La jeune et prolifique Amélie Nothomb, qui signe ici son dixième roman, sait suggérer l’insolite, voire l’inquiétante étrangeté, des comportements de l’être humain aux prises avec ses démons intérieurs.
Jérôme Angust est déjà de mauvais poil quand il apprend avec exaspération que l’avion qu’il doit prendre est retardé. Il tente de se plonger dans un livre pour tuer le temps. C’est sans compter avec un raseur, un importun de la pire espèce, qui entreprend de lui faire la conversation malgré lui et ne se laisse décourager par aucune rebuffade. Malgré toutes ses tentatives pour s’esquiver, Jérôme Angust se sent progressivement piégé par le curieux personnage, qui semble en savoir beaucoup sur le passé de celui qu’il agresse de son indésirable verbiage, et qui serait même mêlé au drame affreux qui a coûté la vie à sa femme.
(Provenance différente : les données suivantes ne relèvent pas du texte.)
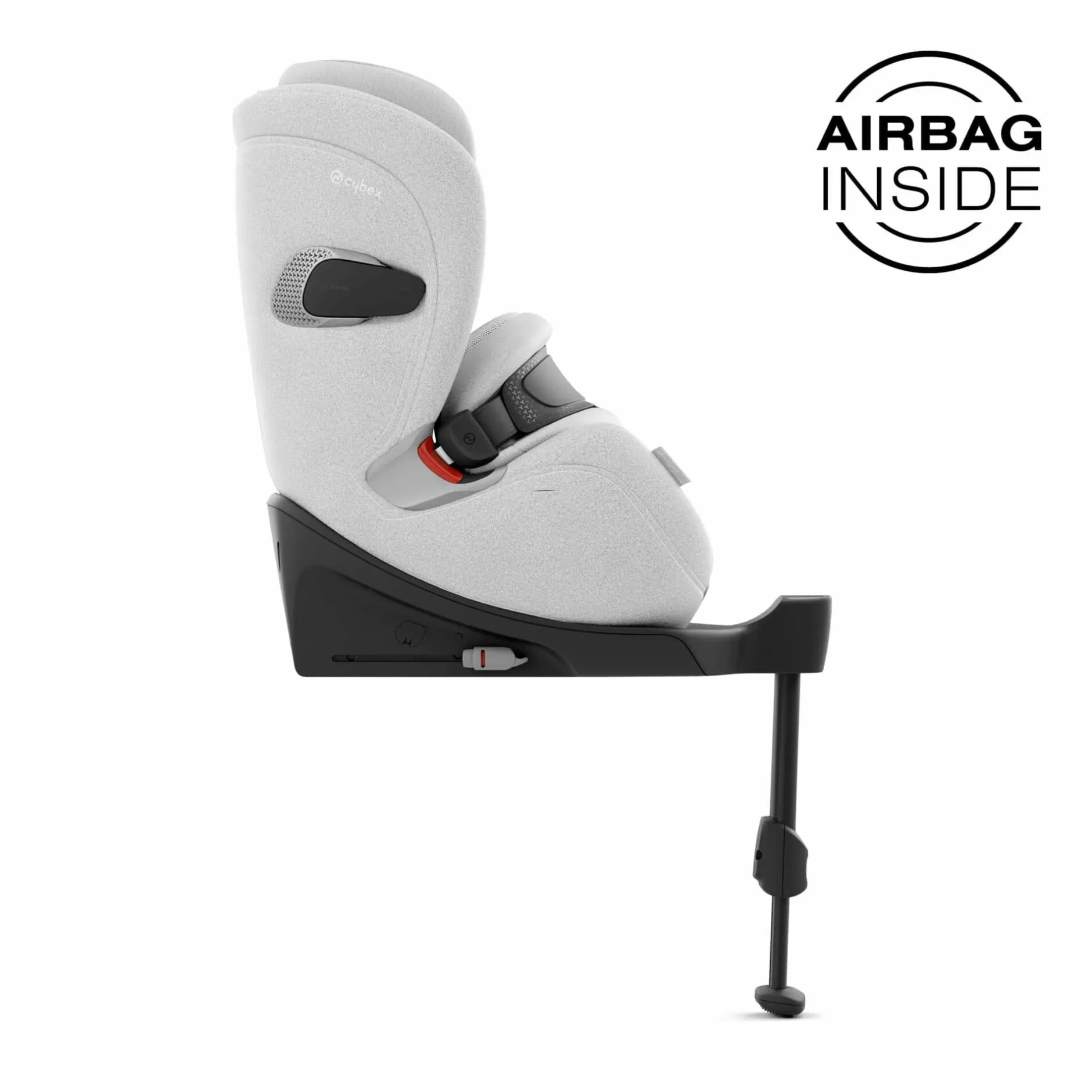 cybex PLATINUM Anoris T2 i-Size Plus Platinum White*Kinder Kindersitze Isofix|Kindersitze 9-18 Kg, Gruppe 1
Petit à petit, l’exaspération du voyageur assiégé se transforme en inquiétude, puis en panique quand il comprend que cette rencontre fortuite n’a rien d’un hasard et qu’il a en quelque sorte rendez-vous avec lui-même.
On pourrait faire référence à Dr. Jekill et Mr. Hyde, pour la dualité qu’il illustre. Ce cas de double personnalité évoque pourtant un fantastique qui n’a rien à voir avec l’espèce de huis clos auquel on assiste dans ce court roman efficace ‘ bien qu’un peu prévisible. La situation rappelle plutôt le Huis clos de Sartre, qui voulait montrer que « l’enfer, c’est les autres » ; en l’occurrence, le propos de Cosmétique de l’ennemi illustre quant à lui que l’enfer, c’est soi-même.